__Your objective__
Write out exactly the lines from the one holding "MelissaZaria webcam" to the last line of the entries, both ends included and nothing else, without the pictures.

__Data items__
⁂
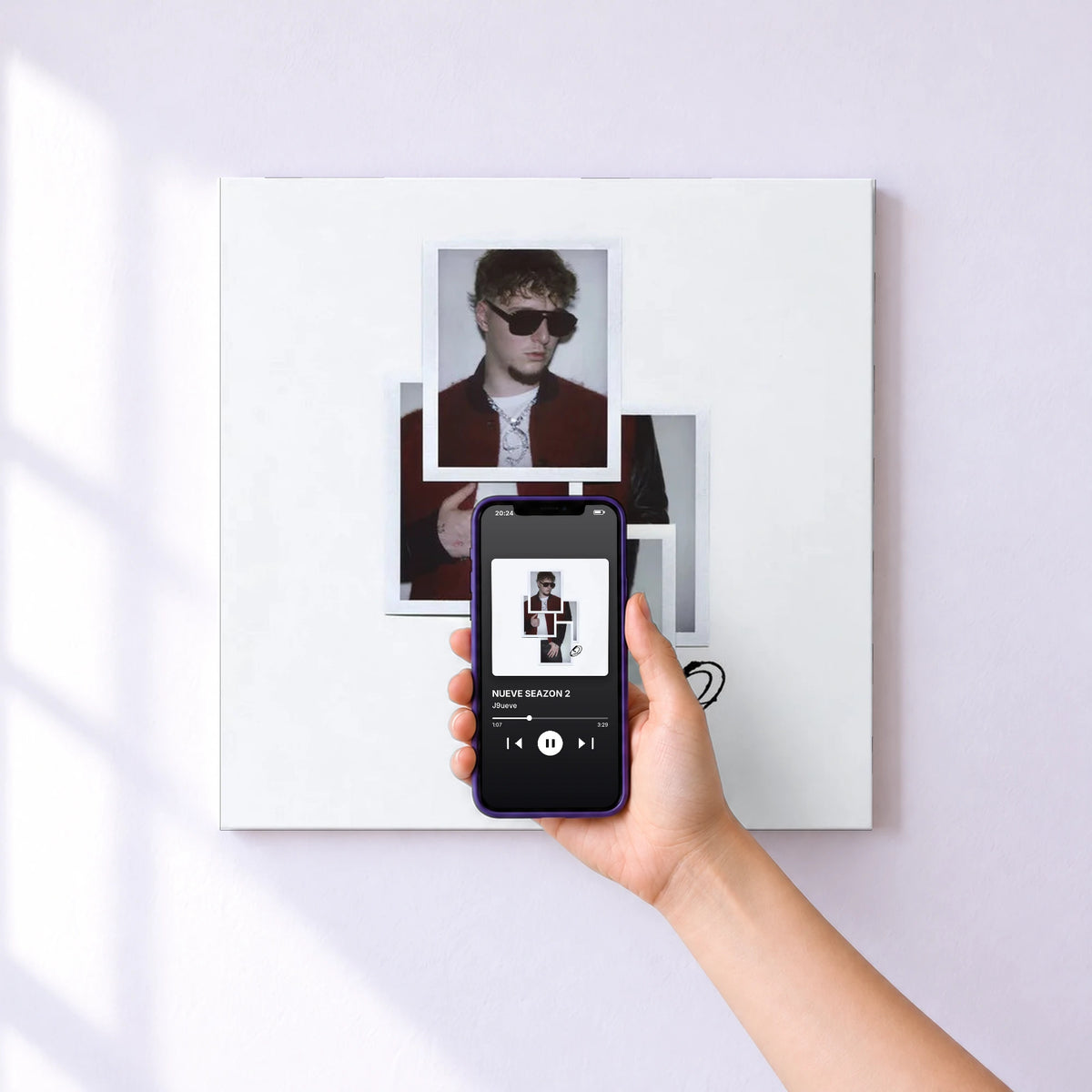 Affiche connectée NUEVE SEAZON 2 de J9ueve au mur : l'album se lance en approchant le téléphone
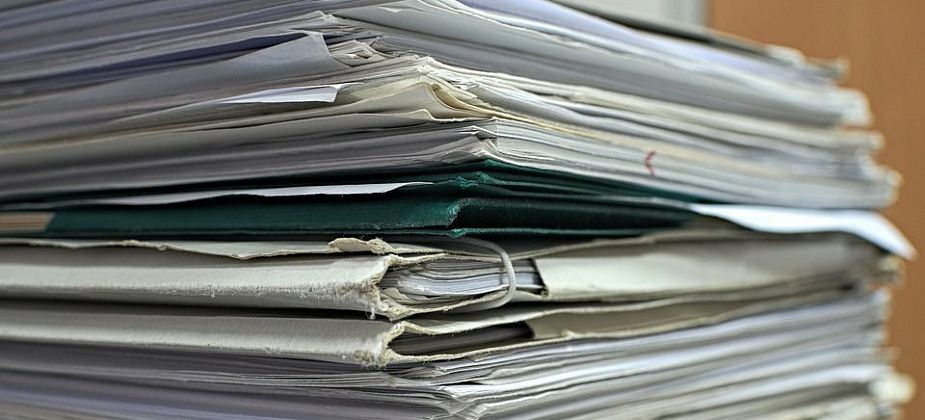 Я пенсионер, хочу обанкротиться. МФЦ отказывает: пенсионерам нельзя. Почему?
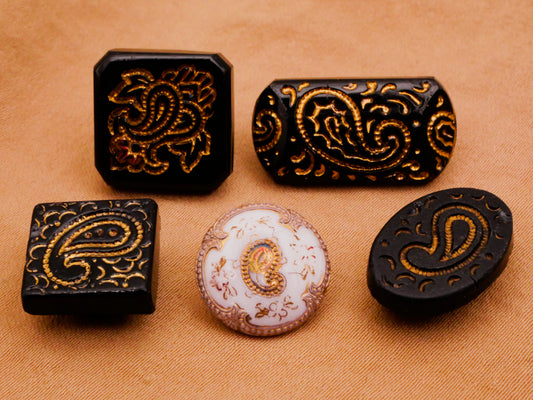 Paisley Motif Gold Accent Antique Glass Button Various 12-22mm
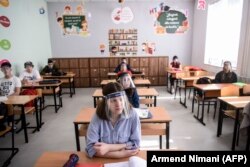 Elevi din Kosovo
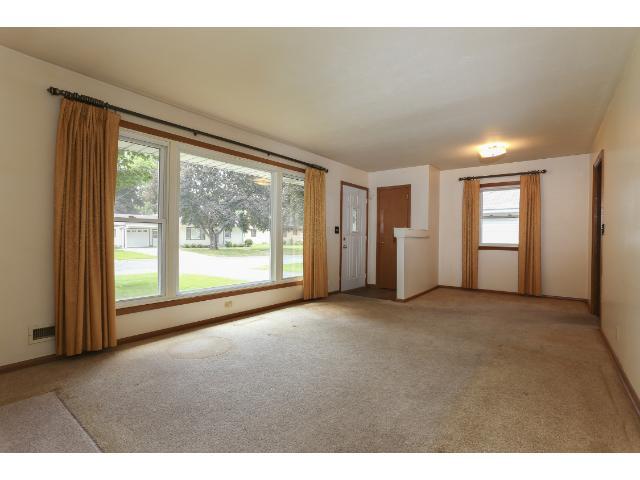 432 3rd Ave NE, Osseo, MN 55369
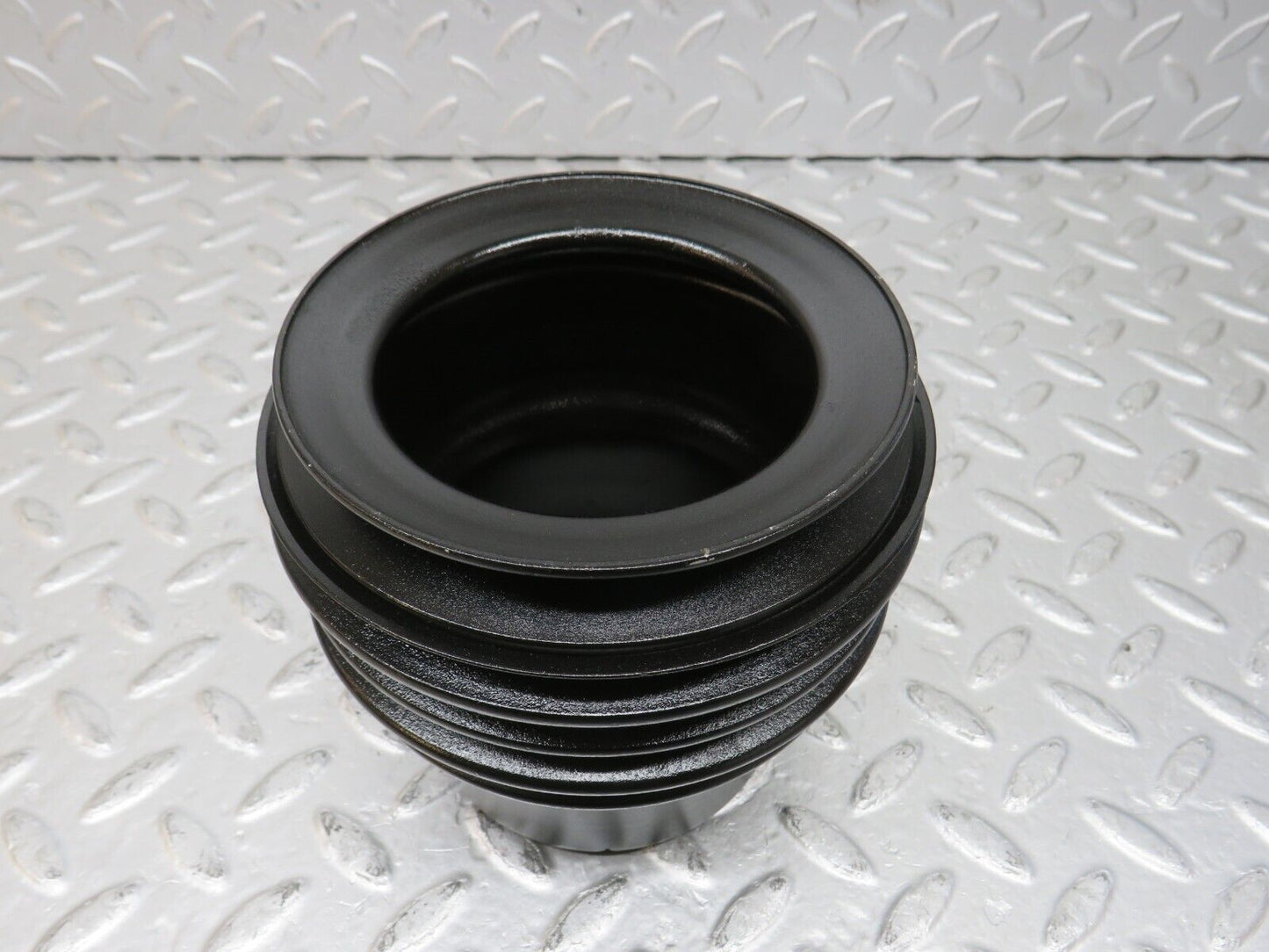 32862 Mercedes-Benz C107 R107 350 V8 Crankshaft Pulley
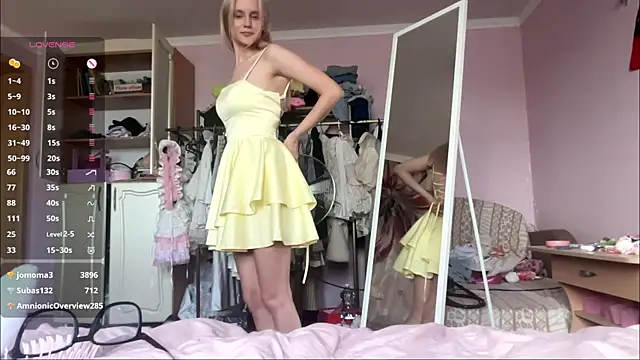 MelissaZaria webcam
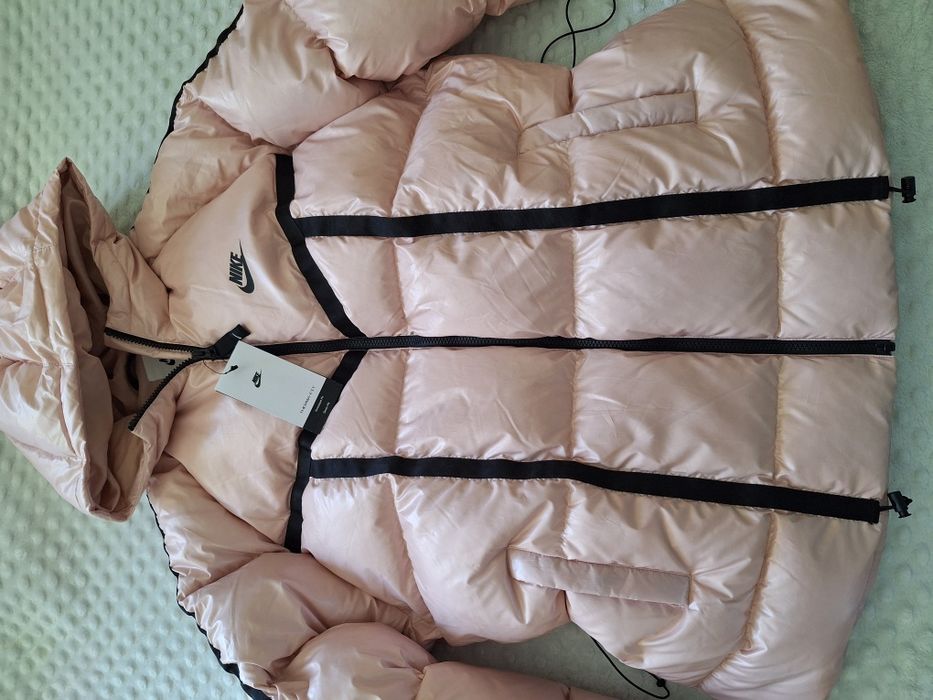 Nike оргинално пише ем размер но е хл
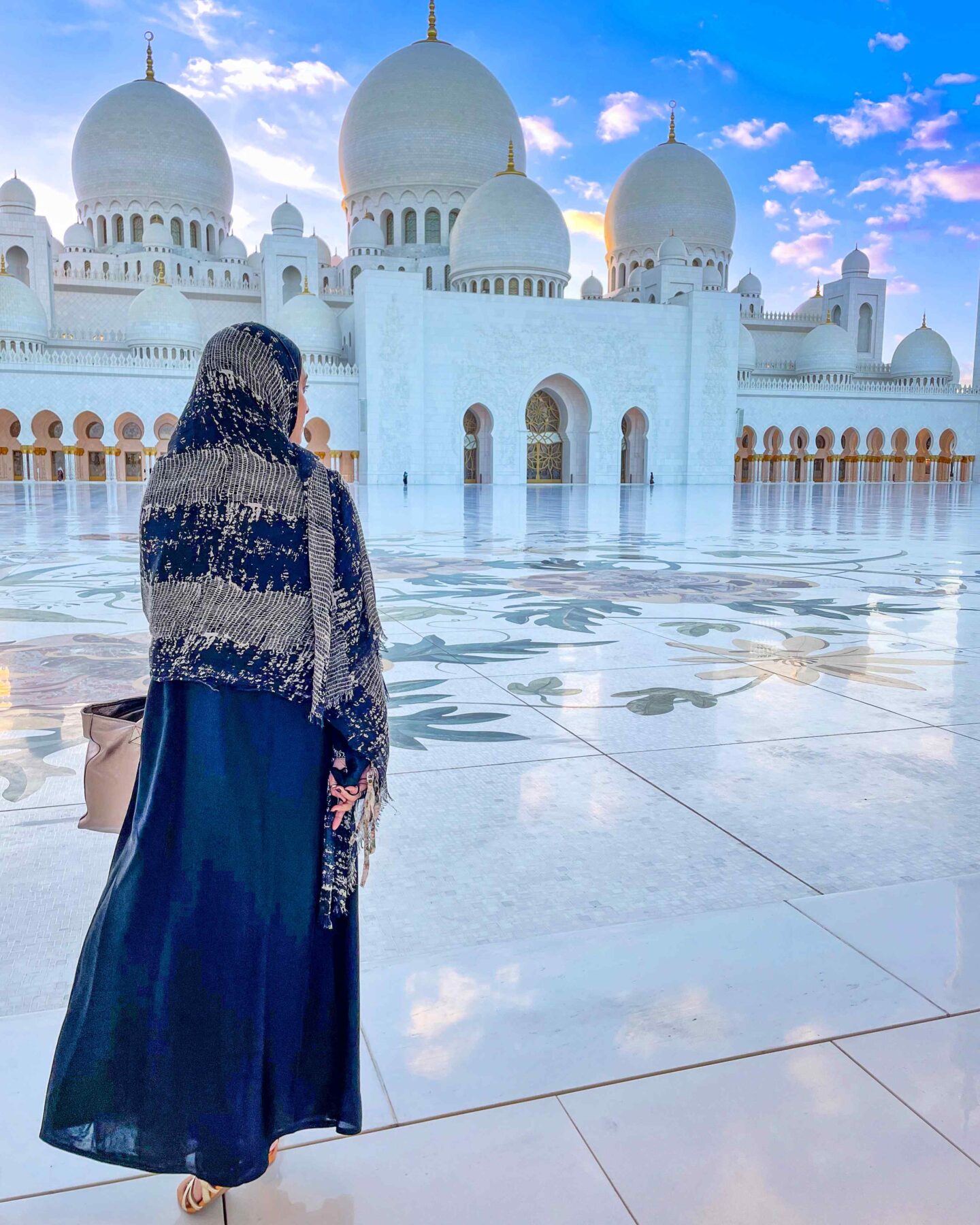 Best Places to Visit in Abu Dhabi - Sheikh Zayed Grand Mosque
⁂
__Expected answer__
 MelissaZaria webcam
 Nike оргинално пише ем размер но е хл
 Best Places to Visit in Abu Dhabi - Sheikh Zayed Grand Mosque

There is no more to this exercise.